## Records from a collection

════════

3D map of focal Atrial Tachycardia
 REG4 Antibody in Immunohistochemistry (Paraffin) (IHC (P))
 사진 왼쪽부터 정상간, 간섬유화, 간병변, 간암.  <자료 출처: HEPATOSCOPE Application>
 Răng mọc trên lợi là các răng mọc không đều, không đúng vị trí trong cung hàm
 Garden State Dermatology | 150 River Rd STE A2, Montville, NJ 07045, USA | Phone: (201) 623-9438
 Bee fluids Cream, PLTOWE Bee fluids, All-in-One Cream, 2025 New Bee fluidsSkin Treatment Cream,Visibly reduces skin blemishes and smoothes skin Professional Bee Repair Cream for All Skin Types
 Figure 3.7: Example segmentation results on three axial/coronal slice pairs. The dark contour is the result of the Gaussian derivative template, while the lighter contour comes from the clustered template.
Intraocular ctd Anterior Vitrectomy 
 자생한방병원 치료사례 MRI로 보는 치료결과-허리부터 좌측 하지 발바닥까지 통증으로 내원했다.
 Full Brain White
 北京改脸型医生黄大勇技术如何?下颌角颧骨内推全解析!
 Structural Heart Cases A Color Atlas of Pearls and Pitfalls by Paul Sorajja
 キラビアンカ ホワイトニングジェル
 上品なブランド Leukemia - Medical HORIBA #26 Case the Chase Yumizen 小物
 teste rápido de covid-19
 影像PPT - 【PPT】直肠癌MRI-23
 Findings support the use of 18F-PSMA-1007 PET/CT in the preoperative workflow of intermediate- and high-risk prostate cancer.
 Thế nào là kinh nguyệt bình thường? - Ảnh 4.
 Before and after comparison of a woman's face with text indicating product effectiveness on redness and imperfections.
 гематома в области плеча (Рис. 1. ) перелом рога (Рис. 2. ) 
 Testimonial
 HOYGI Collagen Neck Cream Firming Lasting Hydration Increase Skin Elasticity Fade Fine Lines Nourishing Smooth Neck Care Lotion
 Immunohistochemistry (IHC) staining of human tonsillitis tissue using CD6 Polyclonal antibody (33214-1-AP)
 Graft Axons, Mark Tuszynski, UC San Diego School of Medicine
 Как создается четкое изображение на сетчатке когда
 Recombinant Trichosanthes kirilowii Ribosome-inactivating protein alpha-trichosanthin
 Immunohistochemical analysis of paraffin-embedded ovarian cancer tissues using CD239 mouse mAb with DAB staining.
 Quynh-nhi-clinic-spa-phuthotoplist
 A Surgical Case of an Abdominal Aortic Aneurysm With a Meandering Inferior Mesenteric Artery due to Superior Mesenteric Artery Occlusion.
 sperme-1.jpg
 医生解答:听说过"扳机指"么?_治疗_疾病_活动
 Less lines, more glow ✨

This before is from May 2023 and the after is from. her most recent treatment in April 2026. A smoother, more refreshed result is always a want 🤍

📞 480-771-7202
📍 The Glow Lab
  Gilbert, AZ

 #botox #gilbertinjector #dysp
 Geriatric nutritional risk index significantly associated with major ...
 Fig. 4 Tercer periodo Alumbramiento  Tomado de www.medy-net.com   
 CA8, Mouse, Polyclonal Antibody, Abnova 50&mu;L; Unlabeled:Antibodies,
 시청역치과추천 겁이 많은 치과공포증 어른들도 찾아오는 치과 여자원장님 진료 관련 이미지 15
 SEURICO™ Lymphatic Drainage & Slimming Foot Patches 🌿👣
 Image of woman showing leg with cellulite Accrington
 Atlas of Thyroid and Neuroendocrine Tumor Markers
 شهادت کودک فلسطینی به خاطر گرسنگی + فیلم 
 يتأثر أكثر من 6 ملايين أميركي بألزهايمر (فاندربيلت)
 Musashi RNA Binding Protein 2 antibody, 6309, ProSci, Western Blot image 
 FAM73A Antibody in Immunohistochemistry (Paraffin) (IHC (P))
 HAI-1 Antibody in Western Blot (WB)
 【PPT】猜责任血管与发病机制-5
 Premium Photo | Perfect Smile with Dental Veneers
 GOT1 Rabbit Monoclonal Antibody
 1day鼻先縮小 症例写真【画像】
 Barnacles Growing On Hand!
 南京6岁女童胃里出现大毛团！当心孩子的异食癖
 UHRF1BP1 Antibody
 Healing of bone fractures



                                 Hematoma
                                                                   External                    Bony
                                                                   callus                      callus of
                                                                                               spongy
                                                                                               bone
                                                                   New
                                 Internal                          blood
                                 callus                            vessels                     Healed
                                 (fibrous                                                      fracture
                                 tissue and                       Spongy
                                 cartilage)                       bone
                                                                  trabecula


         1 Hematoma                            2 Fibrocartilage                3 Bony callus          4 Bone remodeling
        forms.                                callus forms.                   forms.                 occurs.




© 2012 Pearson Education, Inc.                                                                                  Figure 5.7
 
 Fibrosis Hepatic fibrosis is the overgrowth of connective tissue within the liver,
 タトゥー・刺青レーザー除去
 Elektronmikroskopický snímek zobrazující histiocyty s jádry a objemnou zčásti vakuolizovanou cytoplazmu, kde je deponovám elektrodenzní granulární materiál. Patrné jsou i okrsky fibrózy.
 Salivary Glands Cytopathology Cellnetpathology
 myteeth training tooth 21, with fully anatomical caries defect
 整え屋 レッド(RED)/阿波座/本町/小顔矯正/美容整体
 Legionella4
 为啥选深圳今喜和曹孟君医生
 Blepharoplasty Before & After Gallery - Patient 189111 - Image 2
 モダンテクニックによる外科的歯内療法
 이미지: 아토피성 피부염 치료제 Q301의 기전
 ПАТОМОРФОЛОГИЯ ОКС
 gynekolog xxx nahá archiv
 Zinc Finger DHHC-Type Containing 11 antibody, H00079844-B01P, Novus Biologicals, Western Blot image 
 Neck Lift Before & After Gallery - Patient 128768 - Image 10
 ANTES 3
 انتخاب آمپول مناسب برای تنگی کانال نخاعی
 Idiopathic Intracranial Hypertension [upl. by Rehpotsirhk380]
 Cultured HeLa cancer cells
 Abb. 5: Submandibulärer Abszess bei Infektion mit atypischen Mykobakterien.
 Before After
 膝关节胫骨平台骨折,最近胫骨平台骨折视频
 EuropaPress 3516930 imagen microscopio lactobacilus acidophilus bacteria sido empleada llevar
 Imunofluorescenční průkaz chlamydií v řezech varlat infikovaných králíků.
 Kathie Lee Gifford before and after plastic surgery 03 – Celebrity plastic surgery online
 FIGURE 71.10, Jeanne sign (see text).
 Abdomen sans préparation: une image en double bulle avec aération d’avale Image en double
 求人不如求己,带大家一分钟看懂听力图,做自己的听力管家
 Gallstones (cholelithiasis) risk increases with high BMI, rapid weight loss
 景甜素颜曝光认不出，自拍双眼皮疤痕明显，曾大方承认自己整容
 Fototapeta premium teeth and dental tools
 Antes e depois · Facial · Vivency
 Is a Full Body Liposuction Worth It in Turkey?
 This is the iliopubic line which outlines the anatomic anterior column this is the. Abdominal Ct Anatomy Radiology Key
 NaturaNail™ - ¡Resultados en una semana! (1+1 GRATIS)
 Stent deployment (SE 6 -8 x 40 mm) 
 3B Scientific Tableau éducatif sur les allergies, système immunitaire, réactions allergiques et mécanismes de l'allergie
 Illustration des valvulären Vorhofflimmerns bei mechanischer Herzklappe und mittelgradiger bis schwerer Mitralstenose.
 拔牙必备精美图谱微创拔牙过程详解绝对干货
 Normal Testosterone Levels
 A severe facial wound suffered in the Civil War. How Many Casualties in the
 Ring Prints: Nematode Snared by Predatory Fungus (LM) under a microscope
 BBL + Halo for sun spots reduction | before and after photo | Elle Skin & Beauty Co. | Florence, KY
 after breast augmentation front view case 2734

════════

## Task to carry out
Set out the entries once more, word for word.

## Response
3D map of focal Atrial Tachycardia
 REG4 Antibody in Immunohistochemistry (Paraffin) (IHC (P))
 사진 왼쪽부터 정상간, 간섬유화, 간병변, 간암.  <자료 출처: HEPATOSCOPE Application>
 Răng mọc trên lợi là các răng mọc không đều, không đúng vị trí trong cung hàm
 Garden State Dermatology | 150 River Rd STE A2, Montville, NJ 07045, USA | Phone: (201) 623-9438
 Bee fluids Cream, PLTOWE Bee fluids, All-in-One Cream, 2025 New Bee fluidsSkin Treatment Cream,Visibly reduces skin blemishes and smoothes skin Professional Bee Repair Cream for All Skin Types
 Figure 3.7: Example segmentation results on three axial/coronal slice pairs. The dark contour is the result of the Gaussian derivative template, while the lighter contour comes from the clustered template.
Intraocular ctd Anterior Vitrectomy 
 자생한방병원 치료사례 MRI로 보는 치료결과-허리부터 좌측 하지 발바닥까지 통증으로 내원했다.
 Full Brain White
 北京改脸型医生黄大勇技术如何?下颌角颧骨内推全解析!
 Structural Heart Cases A Color Atlas of Pearls and Pitfalls by Paul Sorajja
 キラビアンカ ホワイトニングジェル
 上品なブランド Leukemia - Medical HORIBA #26 Case the Chase Yumizen 小物
 teste rápido de covid-19
 影像PPT - 【PPT】直肠癌MRI-23
 Findings support the use of 18F-PSMA-1007 PET/CT in the preoperative workflow of intermediate- and high-risk prostate cancer.
 Thế nào là kinh nguyệt bình thường? - Ảnh 4.
 Before and after comparison of a woman's face with text indicating product effectiveness on redness and imperfections.
 гематома в области плеча (Рис. 1. ) перелом рога (Рис. 2. ) 
 Testimonial
 HOYGI Collagen Neck Cream Firming Lasting Hydration Increase Skin Elasticity Fade Fine Lines Nourishing Smooth Neck Care Lotion
 Immunohistochemistry (IHC) staining of human tonsillitis tissue using CD6 Polyclonal antibody (33214-1-AP)
 Graft Axons, Mark Tuszynski, UC San Diego School of Medicine
 Как создается четкое изображение на сетчатке когда
 Recombinant Trichosanthes kirilowii Ribosome-inactivating protein alpha-trichosanthin
 Immunohistochemical analysis of paraffin-embedded ovarian cancer tissues using CD239 mouse mAb with DAB staining.
 Quynh-nhi-clinic-spa-phuthotoplist
 A Surgical Case of an Abdominal Aortic Aneurysm With a Meandering Inferior Mesenteric Artery due to Superior Mesenteric Artery Occlusion.
 sperme-1.jpg
 医生解答:听说过"扳机指"么?_治疗_疾病_活动
 Less lines, more glow ✨

This before is from May 2023 and the after is from. her most recent treatment in April 2026. A smoother, more refreshed result is always a want 🤍

📞 480-771-7202
📍 The Glow Lab
  Gilbert, AZ

 #botox #gilbertinjector #dysp
 Geriatric nutritional risk index significantly associated with major ...
 Fig. 4 Tercer periodo Alumbramiento  Tomado de www.medy-net.com   
 CA8, Mouse, Polyclonal Antibody, Abnova 50&mu;L; Unlabeled:Antibodies,
 시청역치과추천 겁이 많은 치과공포증 어른들도 찾아오는 치과 여자원장님 진료 관련 이미지 15
 SEURICO™ Lymphatic Drainage & Slimming Foot Patches 🌿👣
 Image of woman showing leg with cellulite Accrington
 Atlas of Thyroid and Neuroendocrine Tumor Markers
 شهادت کودک فلسطینی به خاطر گرسنگی + فیلم 
 يتأثر أكثر من 6 ملايين أميركي بألزهايمر (فاندربيلت)
 Musashi RNA Binding Protein 2 antibody, 6309, ProSci, Western Blot image 
 FAM73A Antibody in Immunohistochemistry (Paraffin) (IHC (P))
 HAI-1 Antibody in Western Blot (WB)
 【PPT】猜责任血管与发病机制-5
 Premium Photo | Perfect Smile with Dental Veneers
 GOT1 Rabbit Monoclonal Antibody
 1day鼻先縮小 症例写真【画像】
 Barnacles Growing On Hand!
 南京6岁女童胃里出现大毛团！当心孩子的异食癖
 UHRF1BP1 Antibody
 Healing of bone fractures



                                 Hematoma
                                                                   External                    Bony
                                                                   callus                      callus of
                                                                                               spongy
                                                                                               bone
                                                                   New
                                 Internal                          blood
                                 callus                            vessels                     Healed
                                 (fibrous                                                      fracture
                                 tissue and                       Spongy
                                 cartilage)                       bone
                                                                  trabecula


         1 Hematoma                            2 Fibrocartilage                3 Bony callus          4 Bone remodeling
        forms.                                callus forms.                   forms.                 occurs.




© 2012 Pearson Education, Inc.                                                                                  Figure 5.7
 
 Fibrosis Hepatic fibrosis is the overgrowth of connective tissue within the liver,
 タトゥー・刺青レーザー除去
 Elektronmikroskopický snímek zobrazující histiocyty s jádry a objemnou zčásti vakuolizovanou cytoplazmu, kde je deponovám elektrodenzní granulární materiál. Patrné jsou i okrsky fibrózy.
 Salivary Glands Cytopathology Cellnetpathology
 myteeth training tooth 21, with fully anatomical caries defect
 整え屋 レッド(RED)/阿波座/本町/小顔矯正/美容整体
 Legionella4
 为啥选深圳今喜和曹孟君医生
 Blepharoplasty Before & After Gallery - Patient 189111 - Image 2
 モダンテクニックによる外科的歯内療法
 이미지: 아토피성 피부염 치료제 Q301의 기전
 ПАТОМОРФОЛОГИЯ ОКС
 gynekolog xxx nahá archiv
 Zinc Finger DHHC-Type Containing 11 antibody, H00079844-B01P, Novus Biologicals, Western Blot image 
 Neck Lift Before & After Gallery - Patient 128768 - Image 10
 ANTES 3
 انتخاب آمپول مناسب برای تنگی کانال نخاعی
 Idiopathic Intracranial Hypertension [upl. by Rehpotsirhk380]
 Cultured HeLa cancer cells
 Abb. 5: Submandibulärer Abszess bei Infektion mit atypischen Mykobakterien.
 Before After
 膝关节胫骨平台骨折,最近胫骨平台骨折视频
 EuropaPress 3516930 imagen microscopio lactobacilus acidophilus bacteria sido empleada llevar
 Imunofluorescenční průkaz chlamydií v řezech varlat infikovaných králíků.
 Kathie Lee Gifford before and after plastic surgery 03 – Celebrity plastic surgery online
 FIGURE 71.10, Jeanne sign (see text).
 Abdomen sans préparation: une image en double bulle avec aération d’avale Image en double
 求人不如求己,带大家一分钟看懂听力图,做自己的听力管家
 Gallstones (cholelithiasis) risk increases with high BMI, rapid weight loss
 景甜素颜曝光认不出，自拍双眼皮疤痕明显，曾大方承认自己整容
 Fototapeta premium teeth and dental tools
 Antes e depois · Facial · Vivency
 Is a Full Body Liposuction Worth It in Turkey?
 This is the iliopubic line which outlines the anatomic anterior column this is the. Abdominal Ct Anatomy Radiology Key
 NaturaNail™ - ¡Resultados en una semana! (1+1 GRATIS)
 Stent deployment (SE 6 -8 x 40 mm) 
 3B Scientific Tableau éducatif sur les allergies, système immunitaire, réactions allergiques et mécanismes de l'allergie
 Illustration des valvulären Vorhofflimmerns bei mechanischer Herzklappe und mittelgradiger bis schwerer Mitralstenose.
 拔牙必备精美图谱微创拔牙过程详解绝对干货
 Normal Testosterone Levels
 A severe facial wound suffered in the Civil War. How Many Casualties in the
 Ring Prints: Nematode Snared by Predatory Fungus (LM) under a microscope
 BBL + Halo for sun spots reduction | before and after photo | Elle Skin & Beauty Co. | Florence, KY
 after breast augmentation front view case 2734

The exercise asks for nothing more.